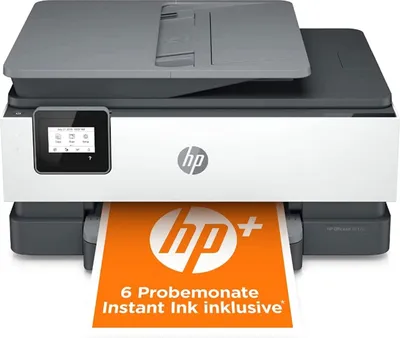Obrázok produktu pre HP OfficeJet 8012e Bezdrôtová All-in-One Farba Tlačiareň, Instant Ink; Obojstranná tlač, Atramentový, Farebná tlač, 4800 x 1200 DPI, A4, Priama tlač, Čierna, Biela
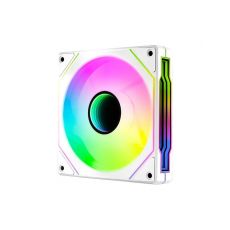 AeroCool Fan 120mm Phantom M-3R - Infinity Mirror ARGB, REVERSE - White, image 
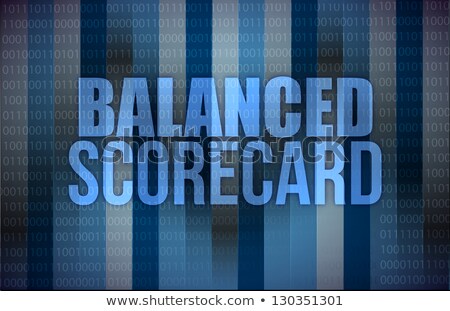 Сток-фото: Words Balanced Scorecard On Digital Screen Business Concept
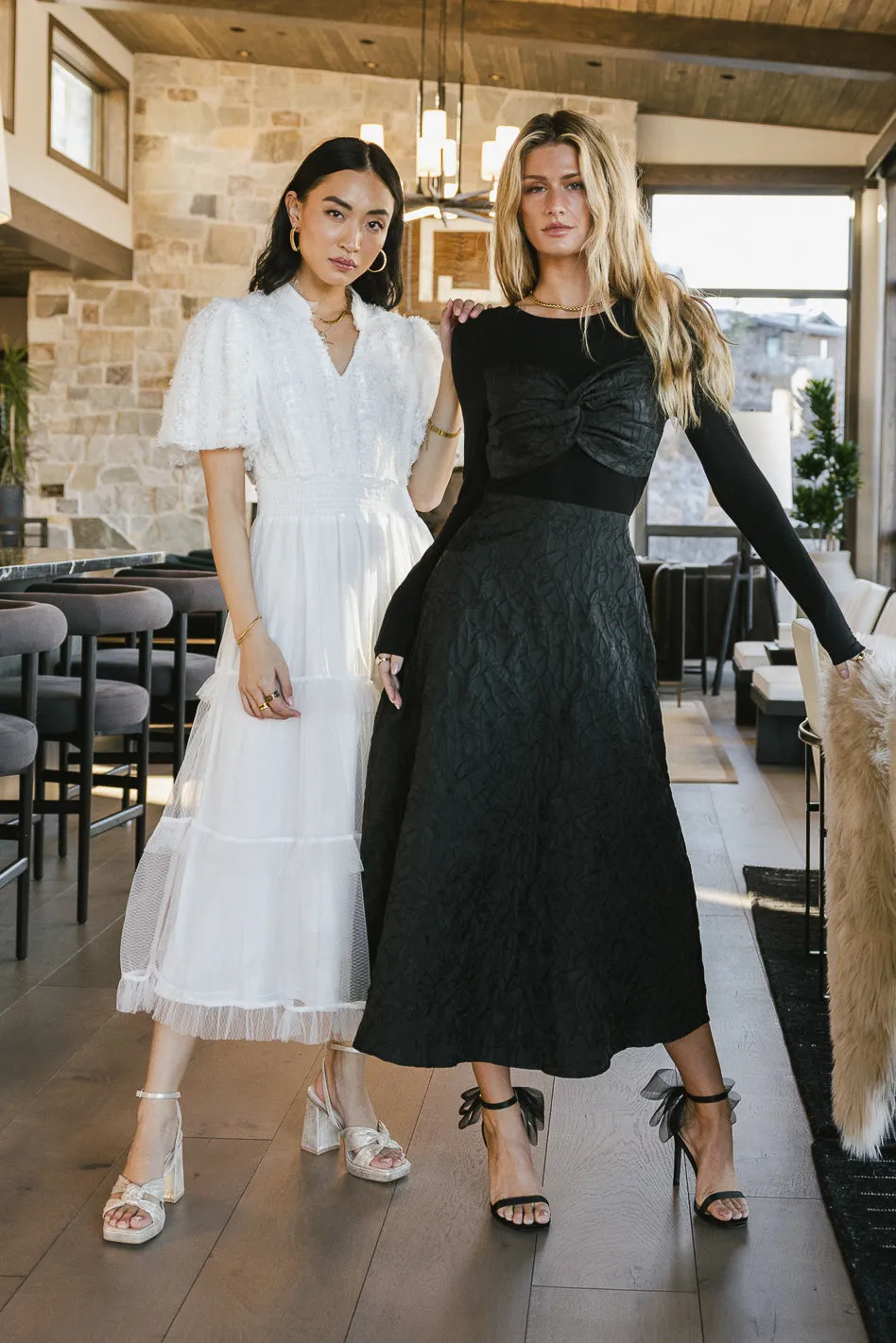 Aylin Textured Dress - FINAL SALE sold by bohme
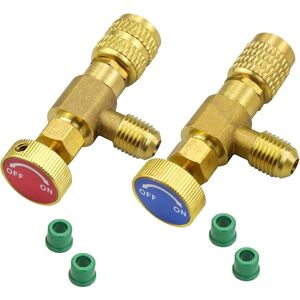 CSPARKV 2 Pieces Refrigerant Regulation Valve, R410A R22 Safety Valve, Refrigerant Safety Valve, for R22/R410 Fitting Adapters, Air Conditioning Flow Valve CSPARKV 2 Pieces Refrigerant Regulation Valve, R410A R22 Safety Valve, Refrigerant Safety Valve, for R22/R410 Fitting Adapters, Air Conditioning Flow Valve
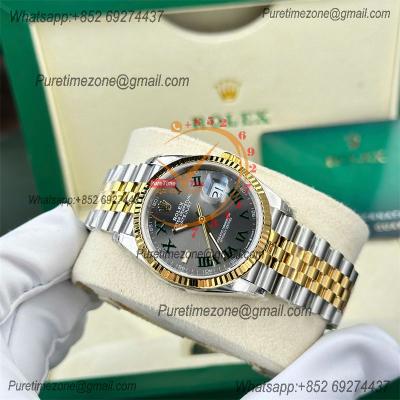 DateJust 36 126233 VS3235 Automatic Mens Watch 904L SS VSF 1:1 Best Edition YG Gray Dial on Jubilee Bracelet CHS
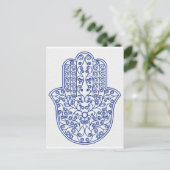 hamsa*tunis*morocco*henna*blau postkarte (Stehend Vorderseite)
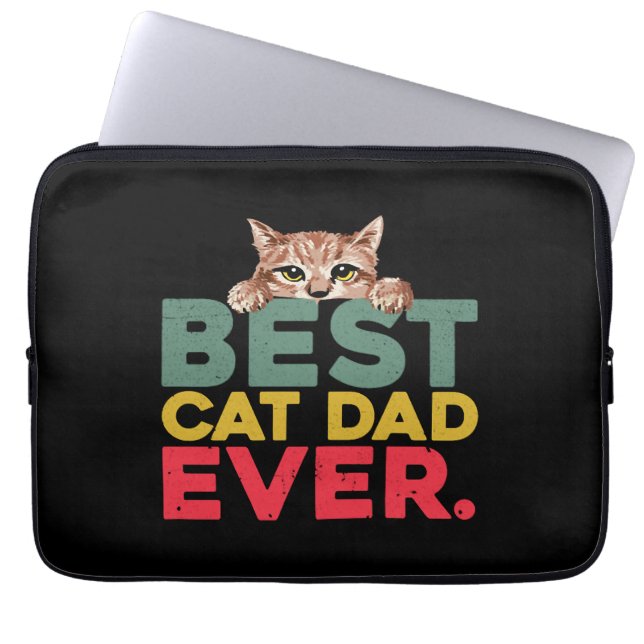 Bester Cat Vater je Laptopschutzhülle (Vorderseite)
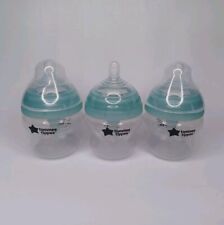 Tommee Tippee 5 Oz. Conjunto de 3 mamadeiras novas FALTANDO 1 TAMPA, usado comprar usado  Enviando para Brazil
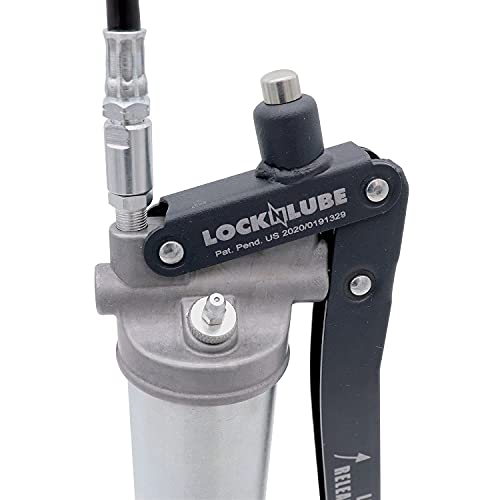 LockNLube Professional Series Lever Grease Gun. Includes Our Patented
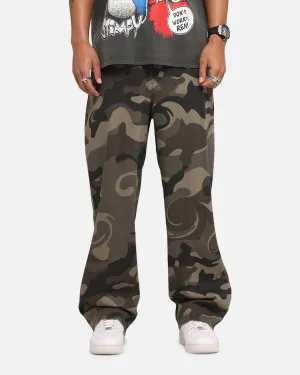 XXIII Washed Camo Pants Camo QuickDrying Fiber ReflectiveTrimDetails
════════════════════
# Task to carry out
The job is to return the listing above exactly, minus its pictures.

# Output
Obrázok produktu pre HP OfficeJet 8012e Bezdrôtová All-in-One Farba Tlačiareň, Instant Ink; Obojstranná tlač, Atramentový, Farebná tlač, 4800 x 1200 DPI, A4, Priama tlač, Čierna, Biela
 AeroCool Fan 120mm Phantom M-3R - Infinity Mirror ARGB, REVERSE - White, image 
 Сток-фото: Words Balanced Scorecard On Digital Screen Business Concept
 Aylin Textured Dress - FINAL SALE sold by bohme
 CSPARKV 2 Pieces Refrigerant Regulation Valve, R410A R22 Safety Valve, Refrigerant Safety Valve, for R22/R410 Fitting Adapters, Air Conditioning Flow Valve CSPARKV 2 Pieces Refrigerant Regulation Valve, R410A R22 Safety Valve, Refrigerant Safety Valve, for R22/R410 Fitting Adapters, Air Conditioning Flow Valve
 DateJust 36 126233 VS3235 Automatic Mens Watch 904L SS VSF 1:1 Best Edition YG Gray Dial on Jubilee Bracelet CHS
 hamsa*tunis*morocco*henna*blau postkarte (Stehend Vorderseite)
 Bester Cat Vater je Laptopschutzhülle (Vorderseite)
 Tommee Tippee 5 Oz. Conjunto de 3 mamadeiras novas FALTANDO 1 TAMPA, usado comprar usado  Enviando para Brazil
 LockNLube Professional Series Lever Grease Gun. Includes Our Patented
 XXIII Washed Camo Pants Camo QuickDrying Fiber ReflectiveTrimDetails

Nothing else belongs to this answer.